◆ **TASK PROMPT**: Skip the pictures. Output only the lines below starting at the line with "9 Benhurst Close, South Croydon, CR2 8NX" and ending at the line with "More Photos Of", both ends included, exactly as they are.

◆ **DATA IN THIS EXERCISE**:

● ● ● ●

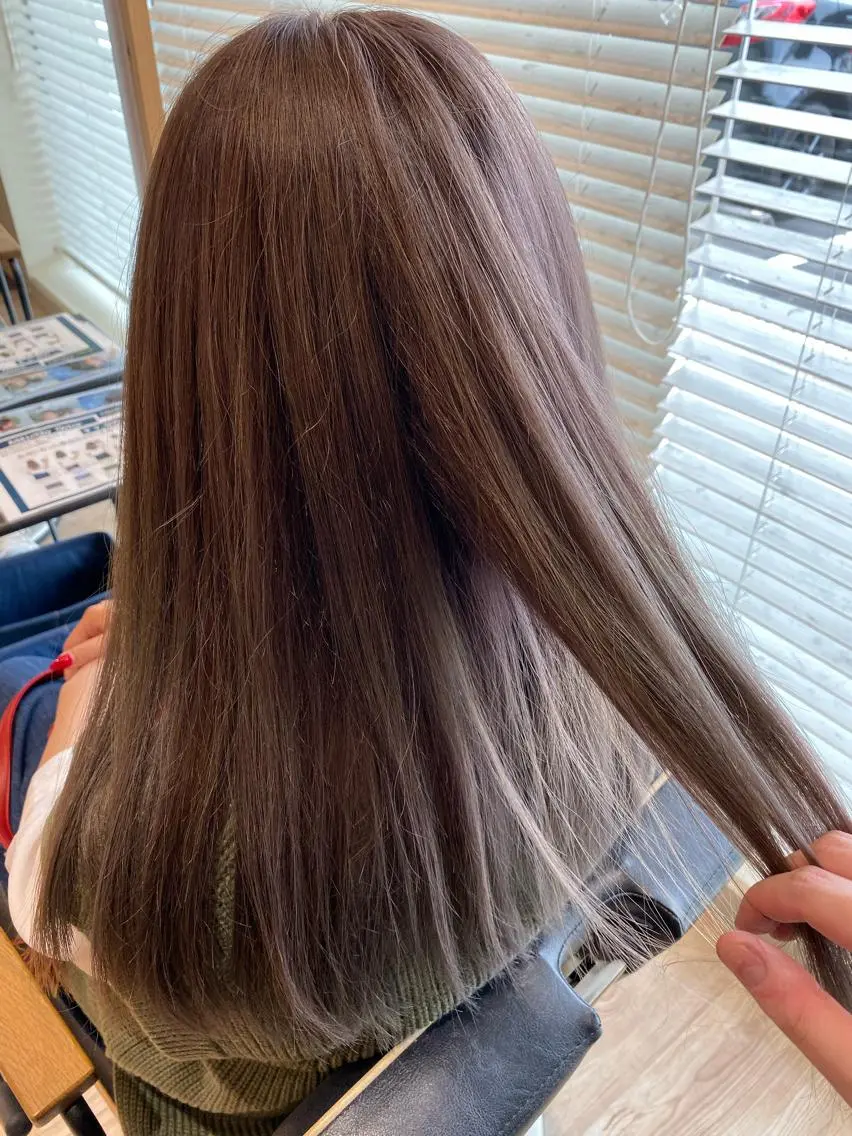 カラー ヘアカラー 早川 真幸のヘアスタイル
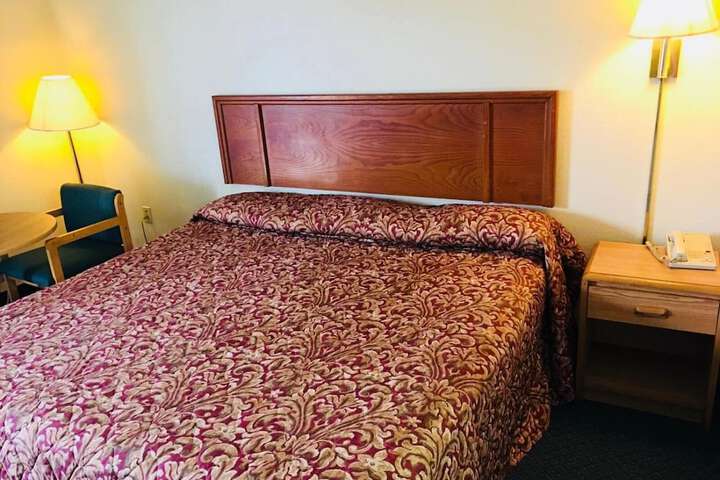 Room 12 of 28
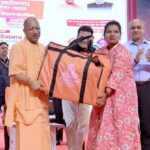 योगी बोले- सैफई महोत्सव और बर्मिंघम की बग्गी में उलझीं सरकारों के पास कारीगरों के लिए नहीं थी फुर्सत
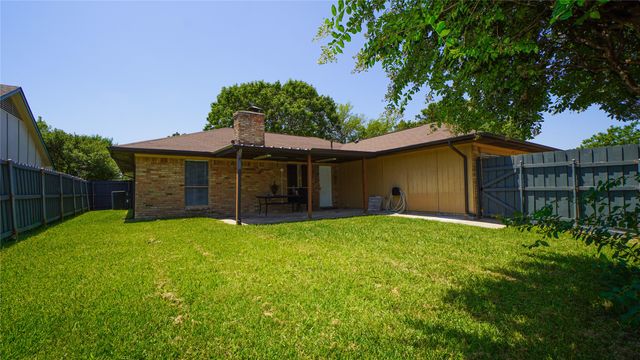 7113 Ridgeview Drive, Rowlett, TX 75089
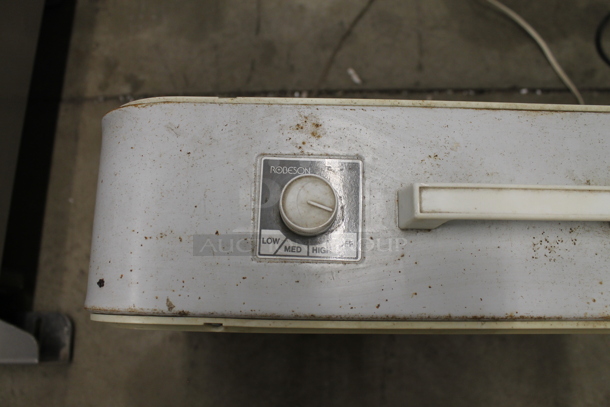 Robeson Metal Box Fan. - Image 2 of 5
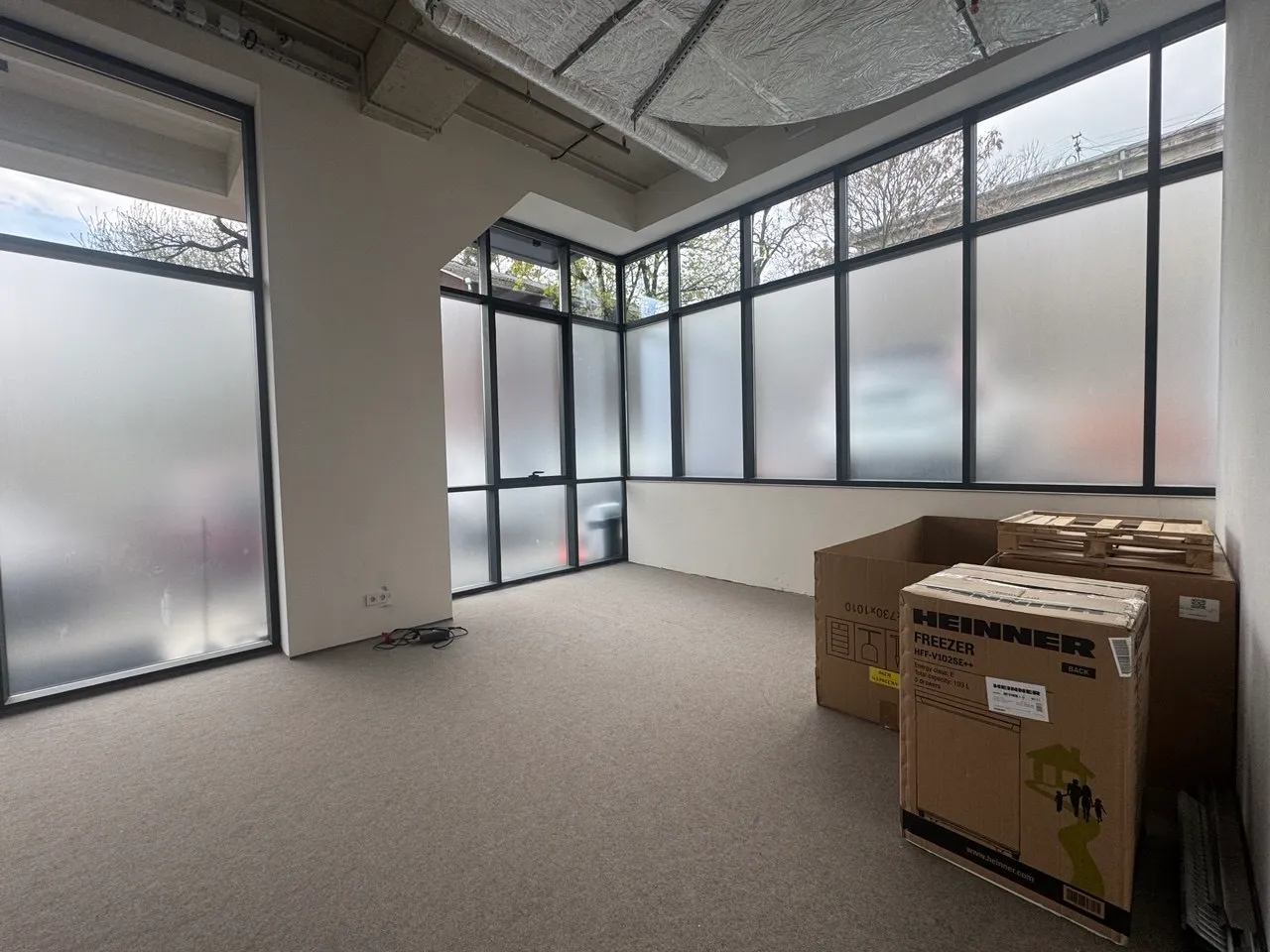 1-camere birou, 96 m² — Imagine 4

● ● ● ●

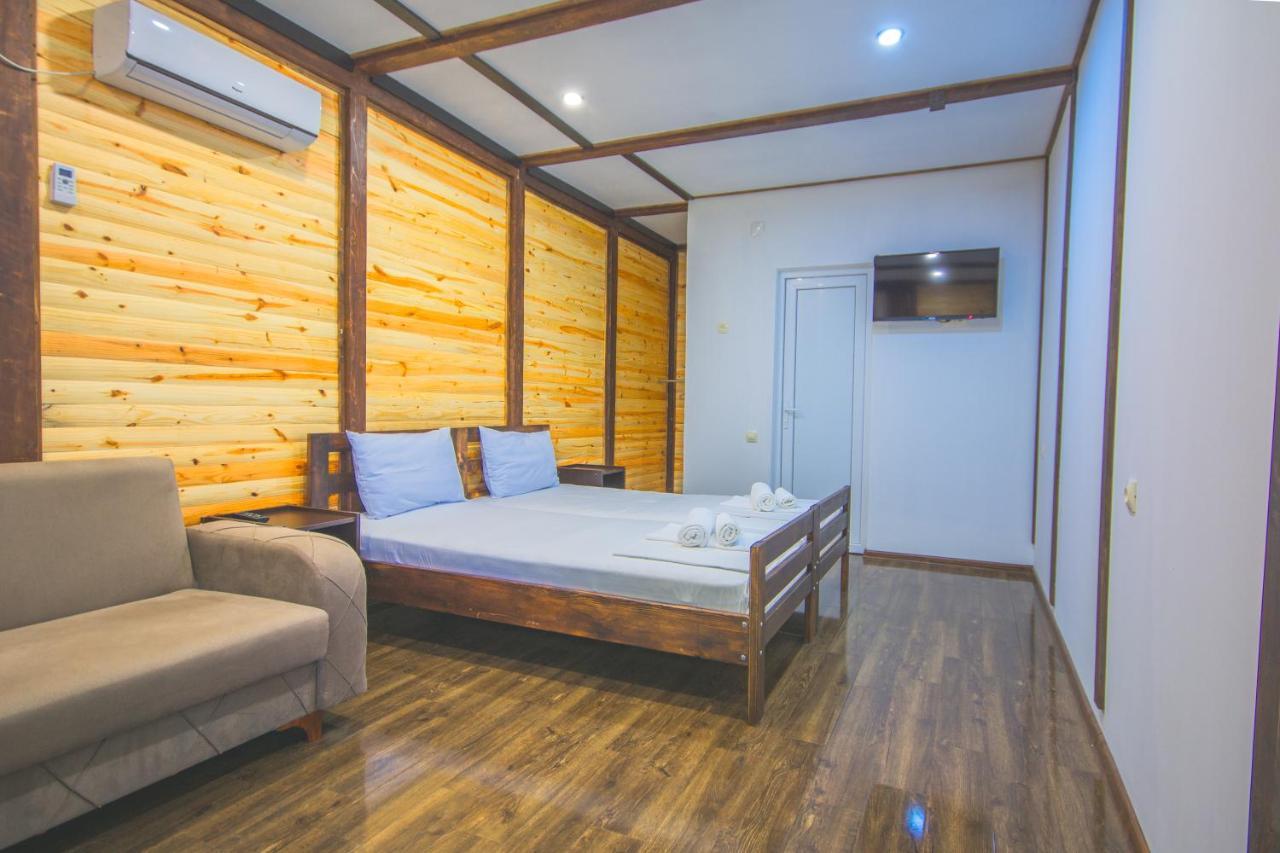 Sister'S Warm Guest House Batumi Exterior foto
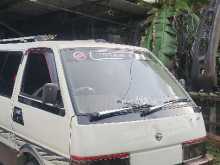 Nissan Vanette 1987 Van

● ● ● ●

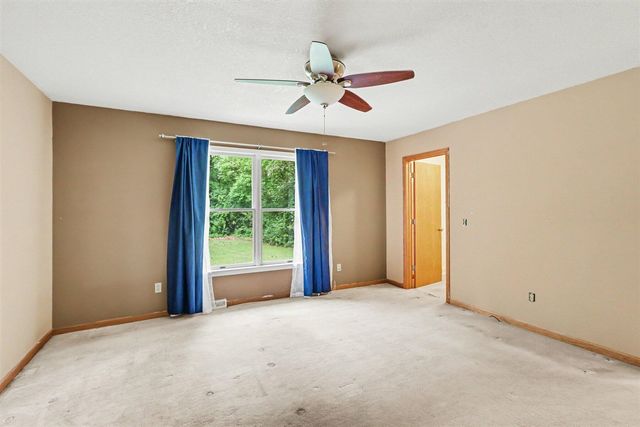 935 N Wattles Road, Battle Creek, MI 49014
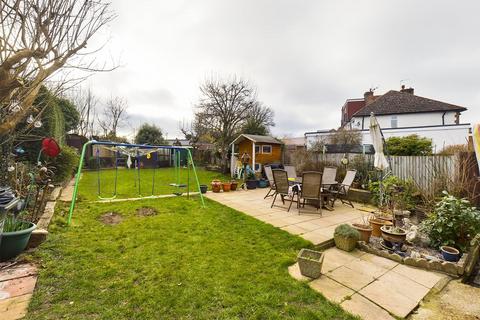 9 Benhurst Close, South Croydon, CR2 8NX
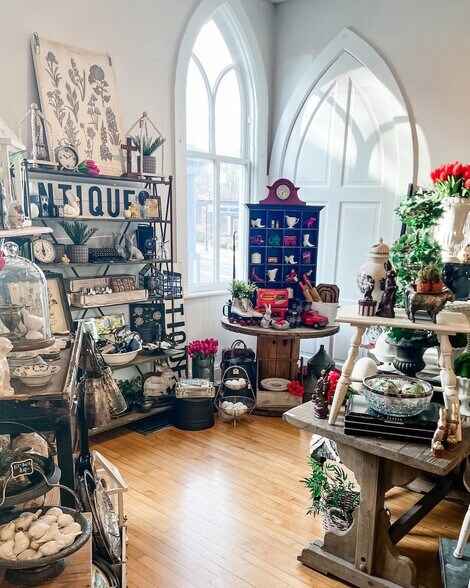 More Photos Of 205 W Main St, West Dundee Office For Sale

● ● ● ●

◆ **THE ANSWER**:
 9 Benhurst Close, South Croydon, CR2 8NX
 More Photos Of 205 W Main St, West Dundee Office For Sale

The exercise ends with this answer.